Patzer wrote: Wed Jan 12, 2022 10:20 am
quisp65 wrote: Wed Jan 12, 2022 10:13 am Is 2021 inflation 4.7%? That the average of 12 months.
2021 inflation was 7.04% if you include all categories.
5.5% if you exclude energy and food, which are more volatile traditionally
3.63% if you exclude energy and cars, which for the reasons I stated above were more volatile in 2021 than they are likely to be in 2022.

https://www.bls.gov/news.release/pdf/cpi.pdf
Chip wrote: Wed Jan 12, 2022 10:15 am Nice analysis.

I do wonder if the shortages of front line labor and the resultant wage increases will continue to feed into price increases.

But since I can't afford a crystal ball anymore I'll just accept what comes. :D
I think wage increases at the low end of the pay spectrum have largely been priced in as that pressure existed throughout 2020-2021 with enhanced unemployment insurance and even more strongly with wage competition from other companies in 2021.
There are companies that were hoping that would pass and tried to avoid rising wages. I think their hands will be forced in 2022, if they haven't already been, which will contribute to a continued increase in prices of goods and services created by lower wage workers, but that will be more modest than 2021.
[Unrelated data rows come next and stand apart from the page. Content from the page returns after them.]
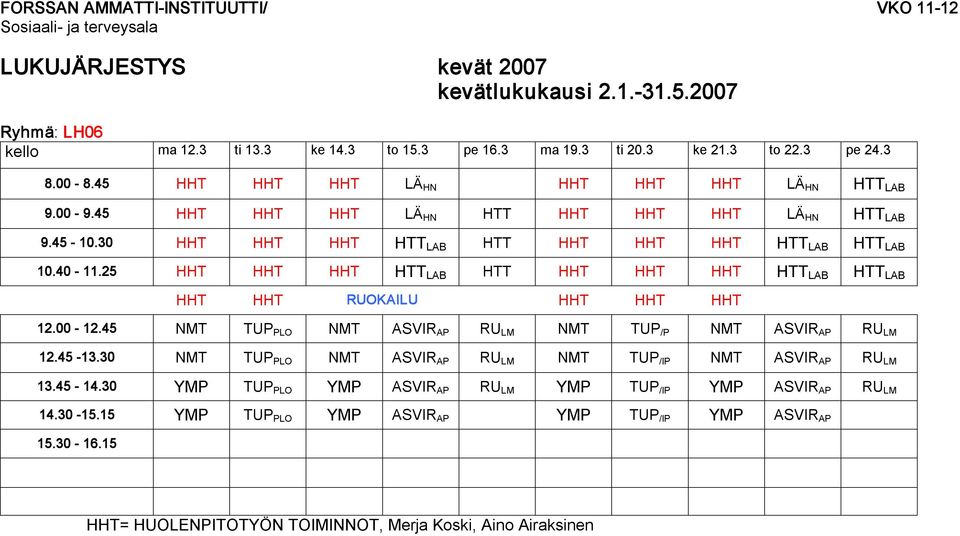 25 HHT HHT HHT HTT LAB HTT HHT HHT HHT HTT LAB HTT LAB HHT HHT HHT HHT HHT 12.00 12.45 NMT TUP PLO NMT ASVIR AP RU LM NMT TUP /P NMT ASVIR AP RU LM 12.45 13.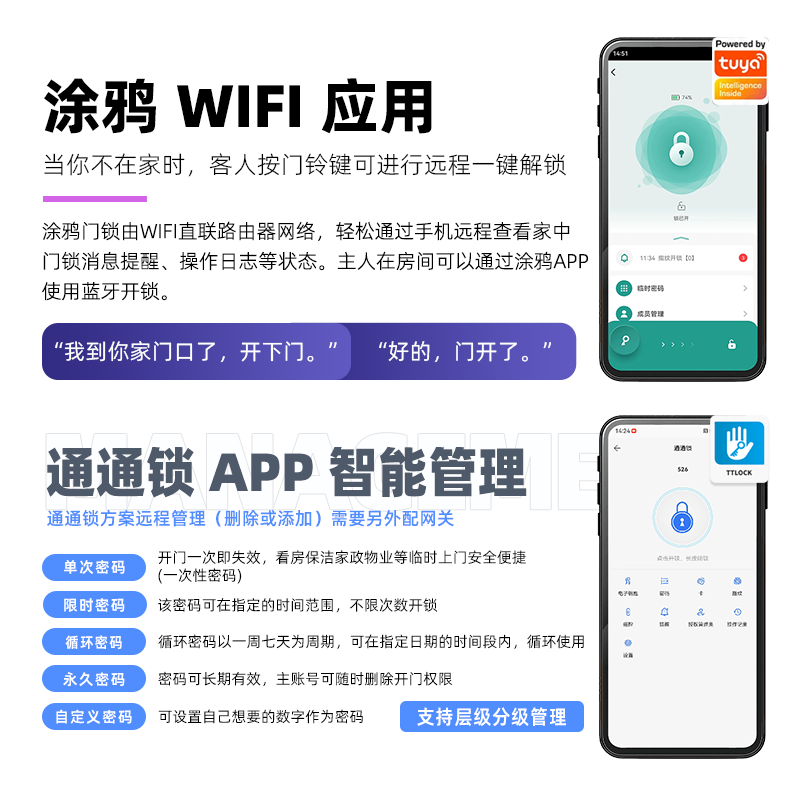 RFTC-室内木门半自动智能指纹锁 支持涂鸦 APP 通通锁 APP 密码卡片钥匙房间门锁
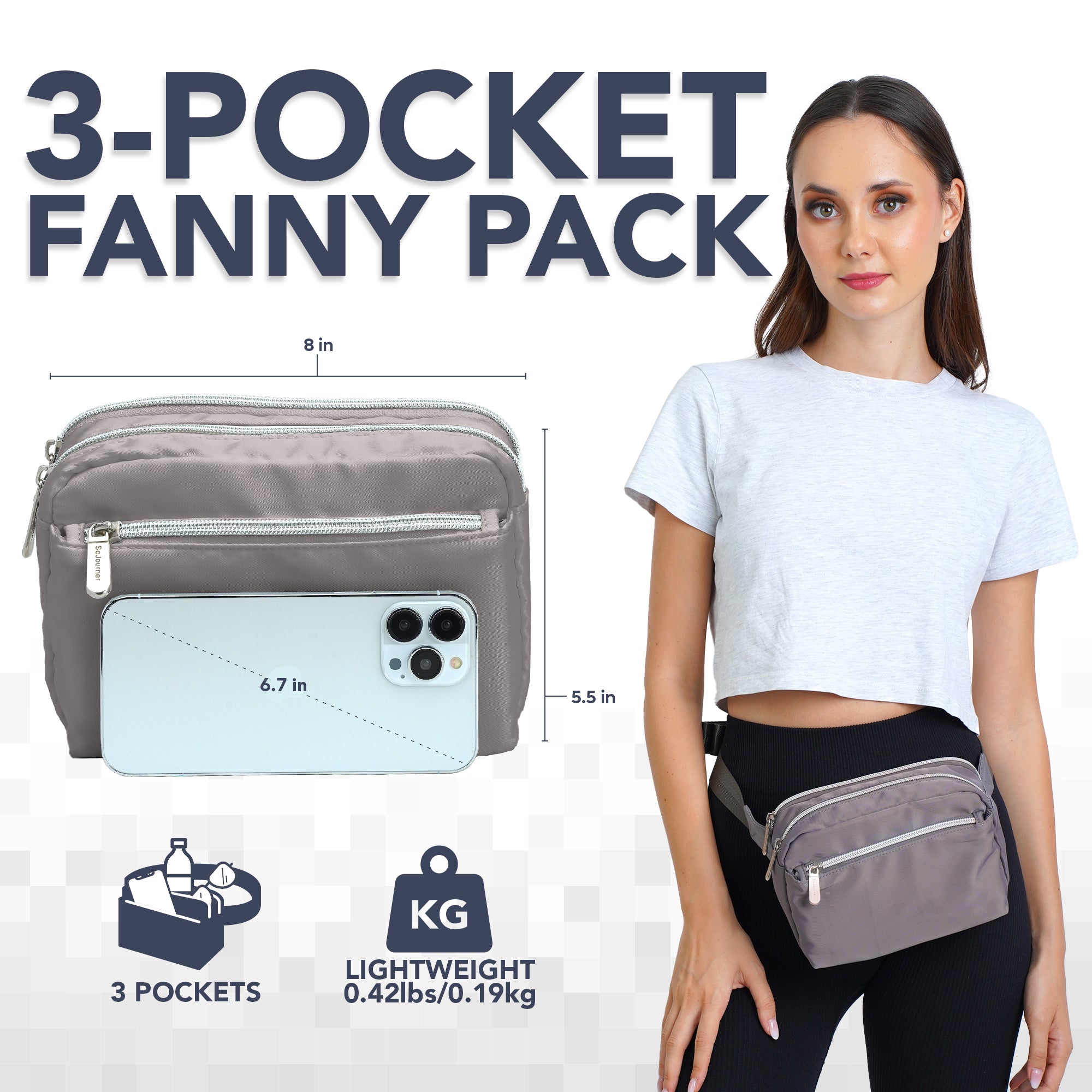 3-Pocket Fanny Pack for stylish rave outfits, featuring durable construction and adjustable belt.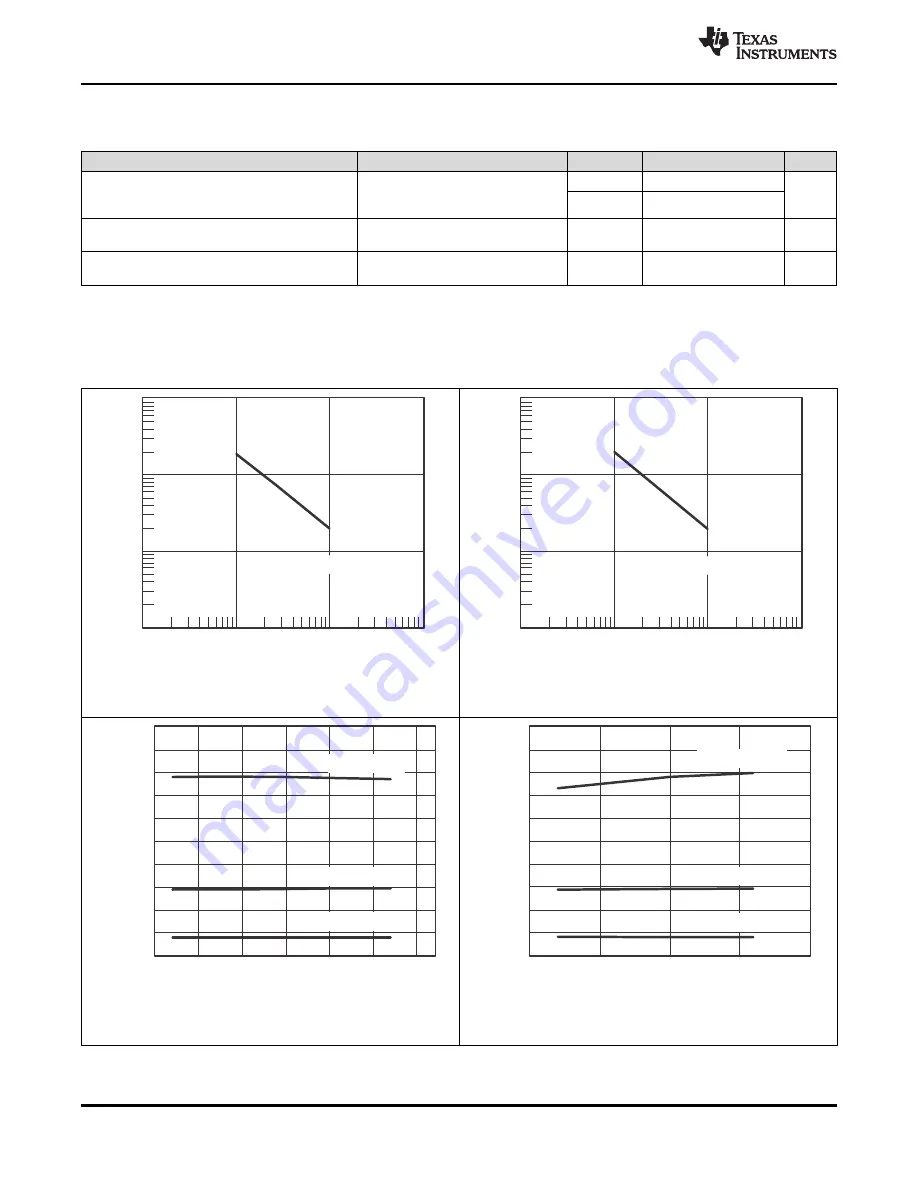 Texas Instruments MSP430G2744DA Manual Download Page 24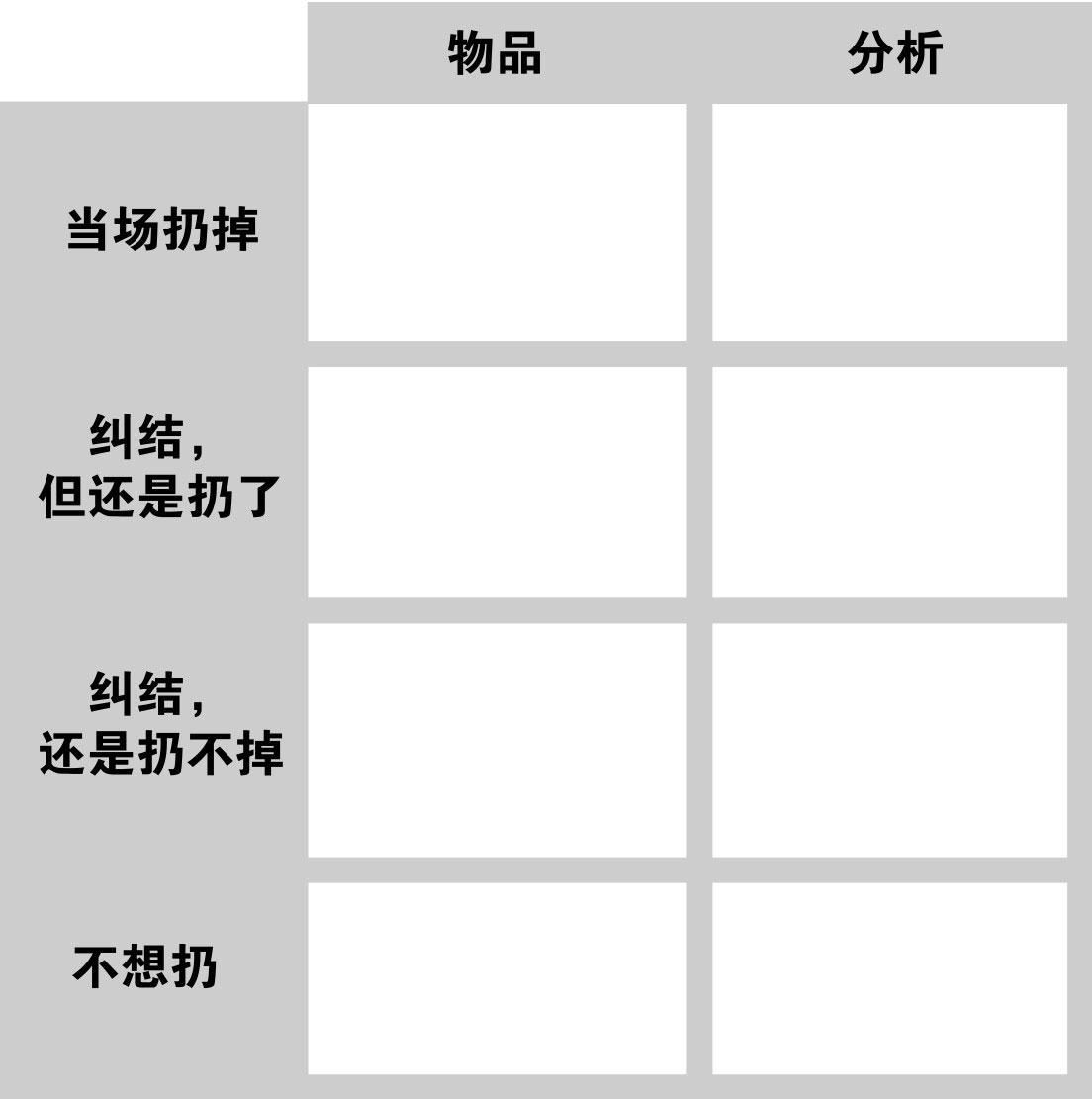 时光机理论思维,时光机功能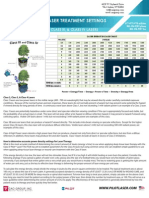 Pilot™ Laser - Class Chart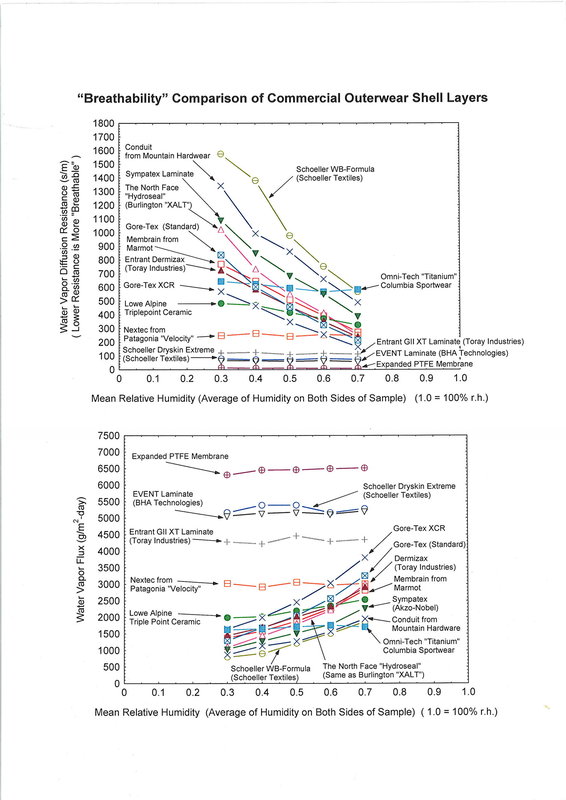 Breathability comparisons.jpg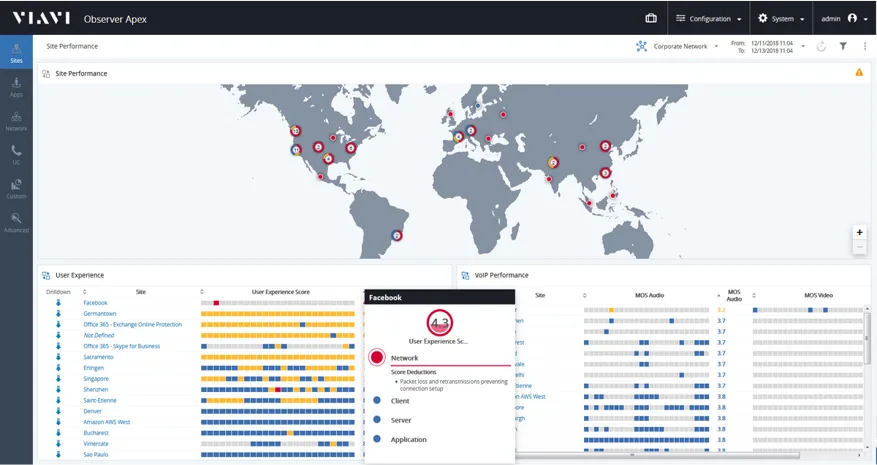 Figure 3 – Observer Apex with trend indicators, maps, and EUE Scores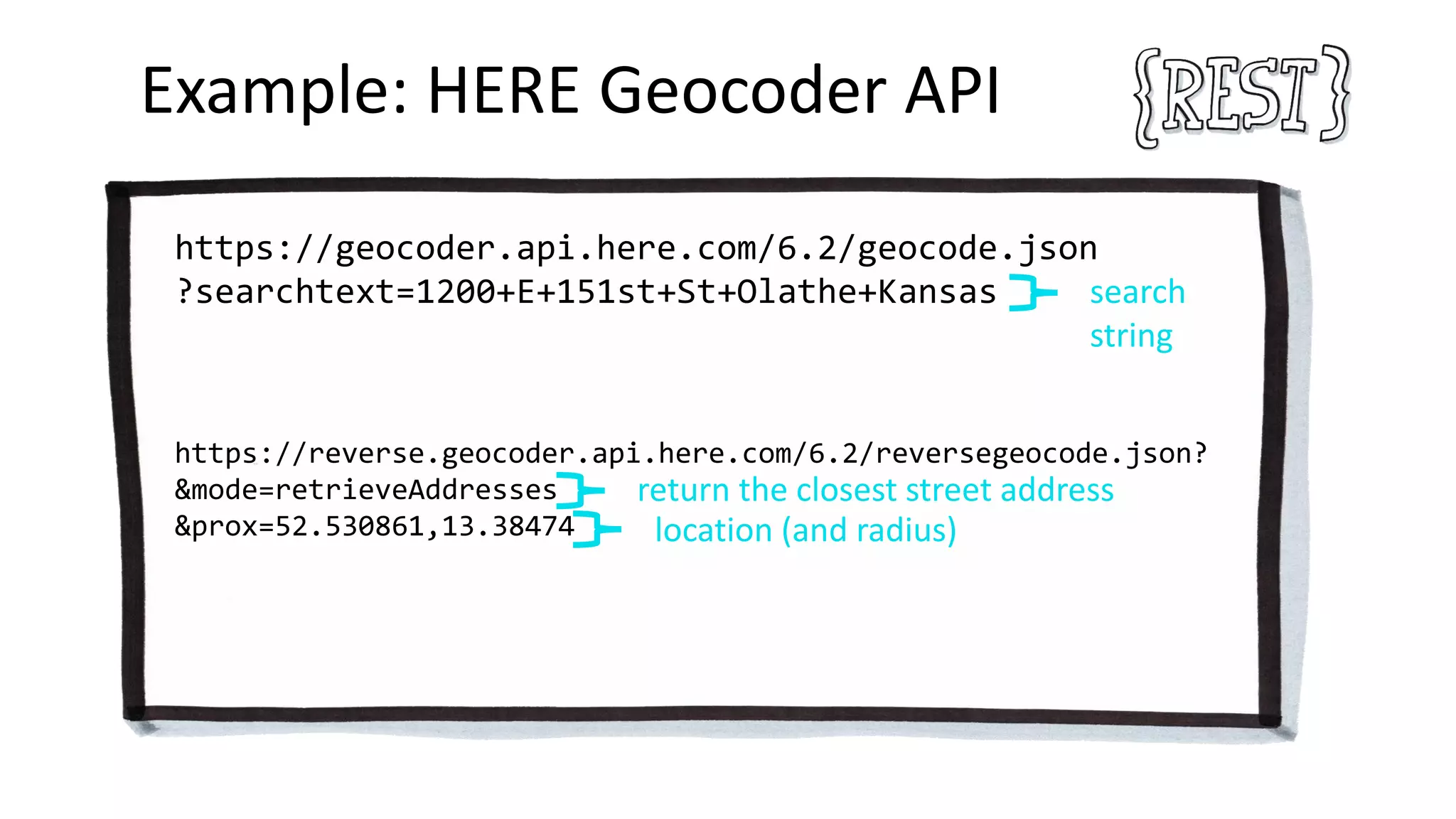https://reverse.geocoder.api.here.com/6.2/reversegeocode.json?
&mode=retrieveAddresses
&prox=52.530861,13.38474
Example: HERE Geocoder API
https://geocoder.api.here.com/6.2/geocode.json
?searchtext=1200+E+151st+St+Olathe+Kansas
return the closest street address
location (and radius)
search
string
 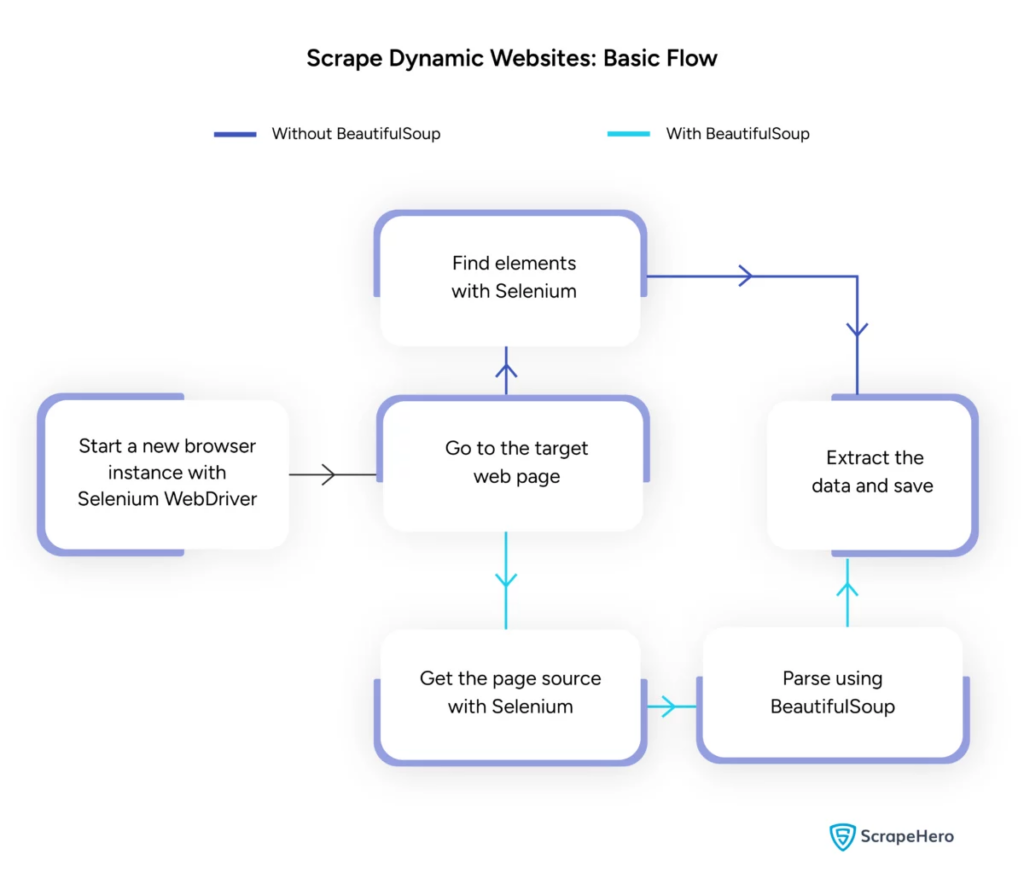 Scrape Dynamic Websites: Basic Flow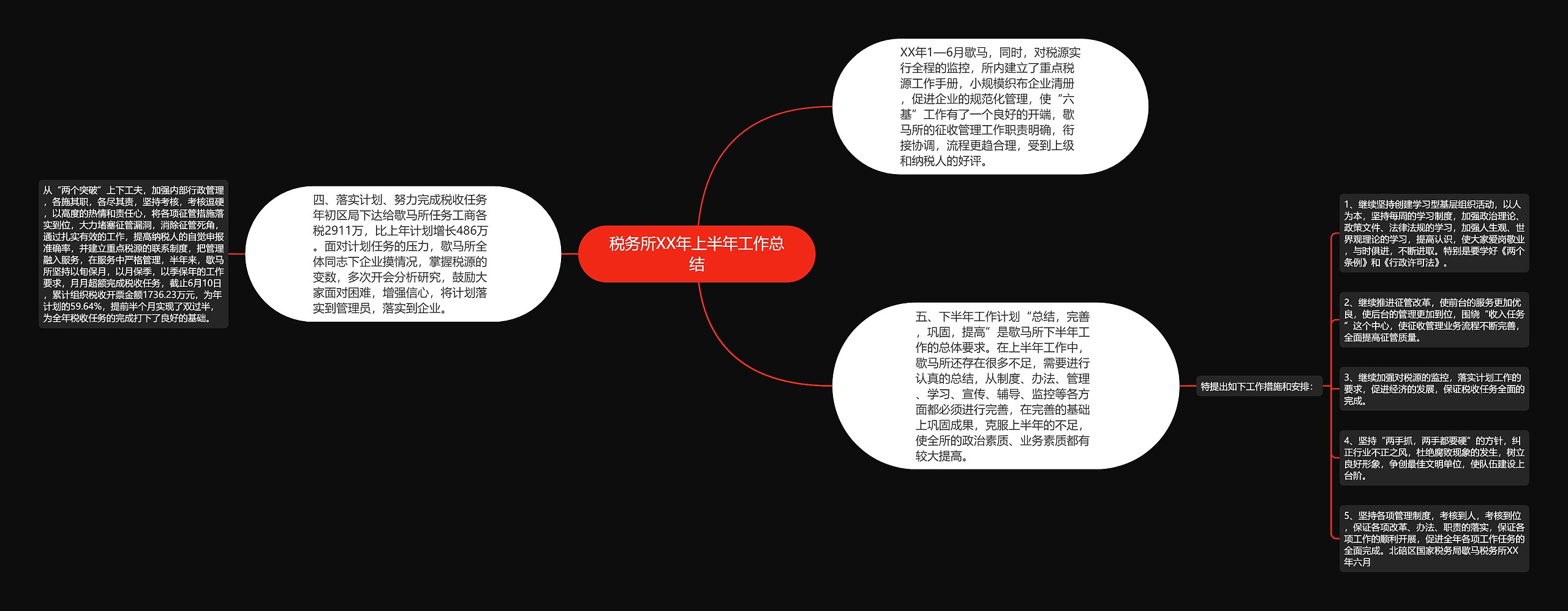 税务所XX年上半年工作总结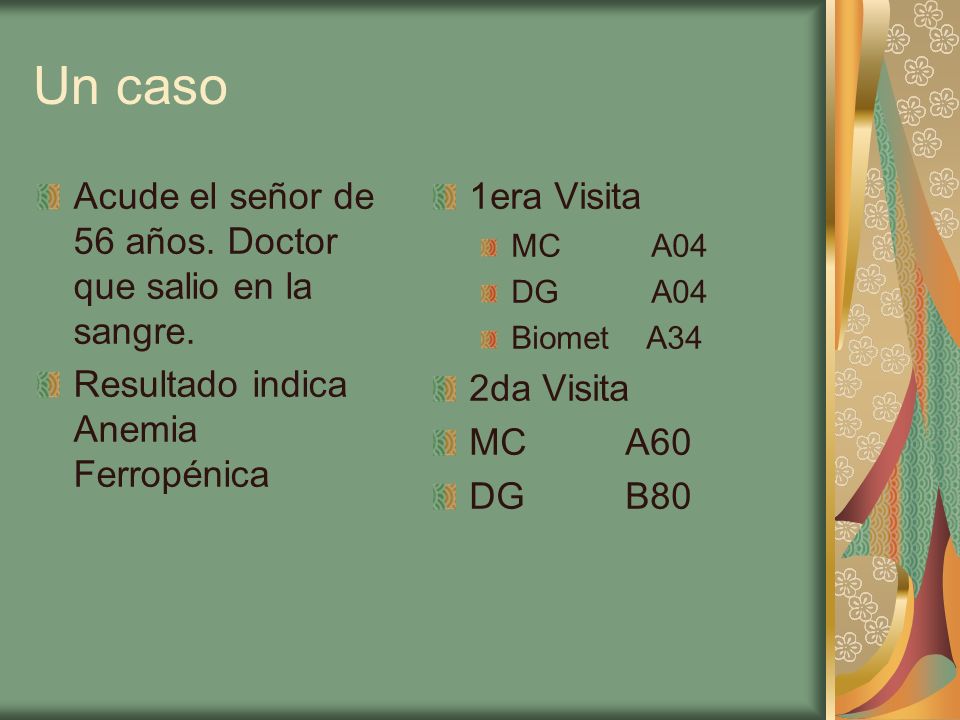 Un caso Acude el señor de 56 años. Doctor que salio en la sangre.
Accepting what comes makes sense, but I know a lot of people have panicked about high inflation and considered changing course, because of it.
I wanted to point out that inflation is unlikely to continue at this exaggerated level and encourage people to continue to stay the course, perhaps with a few minor tweaks, like buying some I-Bonds, since they currently pay more than open market bonds do and that is likely to continue for at least another year.
A sensible analysis, and we should also remain aware that powerful deflationary currents are also at work. Not a one-way street.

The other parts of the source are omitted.